Monday, June 08, 2015

Managing Docker images with tags

When you build Docker images many times, you will find it is very necessary to manage images with tags.
If you build an image without a tag, the default tag 'latest' is created automatically.
docker build -t company/myimage .
The complete name is company/myimage:latest

When you need to update a new version of company/myimage, you don't need to create an image company/myimage_v2. You should create an image with the same name and a new tag.
docker build -t company/myimage:v2 .
And set it latest
docker tag -f company/myimage:v2 company/myimage:latest

So your new image has two tags: v2 and latest.
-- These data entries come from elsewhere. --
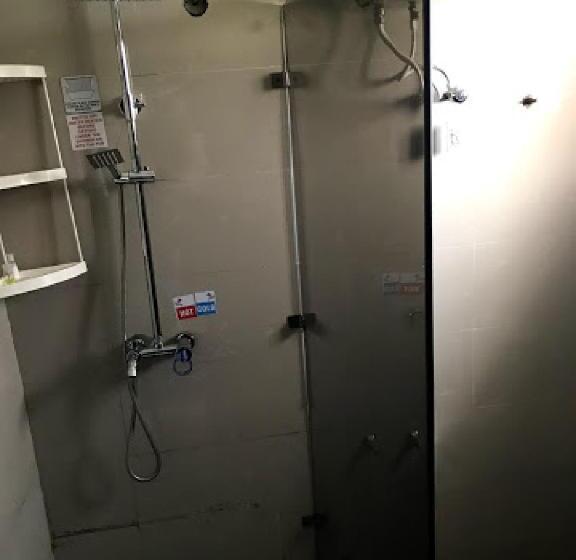 اتاق استاندارد, The Carlton Gate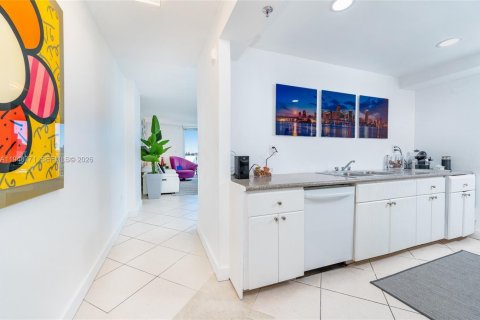 Снять в аренду кондоминиум в Норт-Бей-Виллидж, Флорида 1 спальня, 92.9м2, № 2005418 - фото 3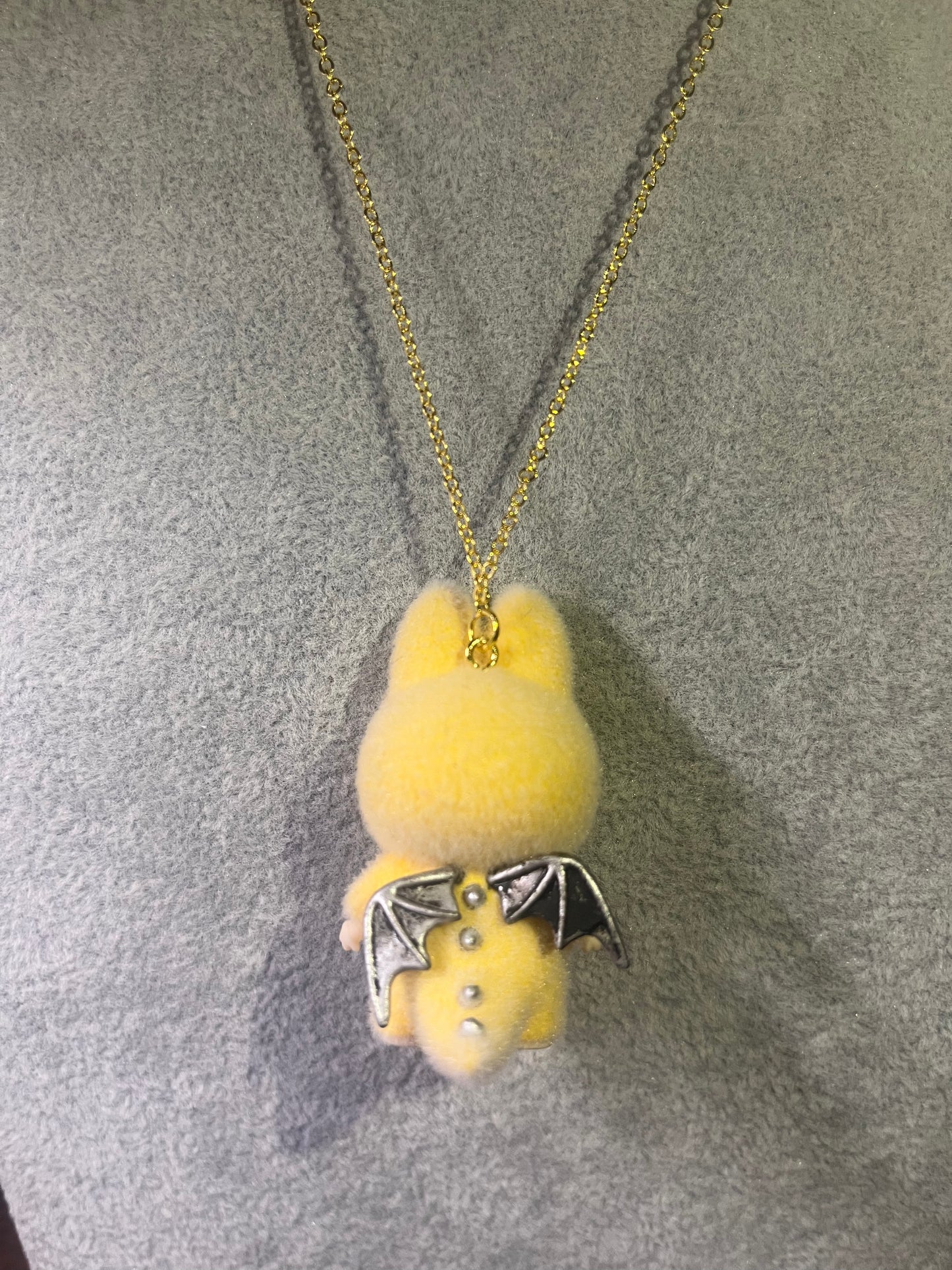 Collar Labubu ángel amarillo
When you start a container based on company/myimage, company/myimage:latest will be used.

Saturday, May 30, 2015

Docker Tricks and Tips

Recently I deployed my node.js app, Redis, Postgres, Nginx with Docker and wrote a tutorial. I want to share you with some tricks and tips about Docker.

Choose Debian as the base image.

Debian image is much smaller than other OS images. It is recommended in Docker's official best practices. A problem is the packages in Debian apt are not always latest. I think Debian only likes the very stable versions. You may need to spend some time installing the proper packages.

Choose the same base image for all your own images.

If your images are based on the same base image, it will save you a lot of disk spaces. Your images share the same base image on disk.

Build images for each step.

If your node.js app needs to access Redis, Postgres, you'd better create a Redis client image, a Postgres client image, a node.js image, and your app image. Each image is based on the previous one. If you have 2 node.js app, you don't need to install Redis, Postgres clents, node.js again, just use the node.js image as the base.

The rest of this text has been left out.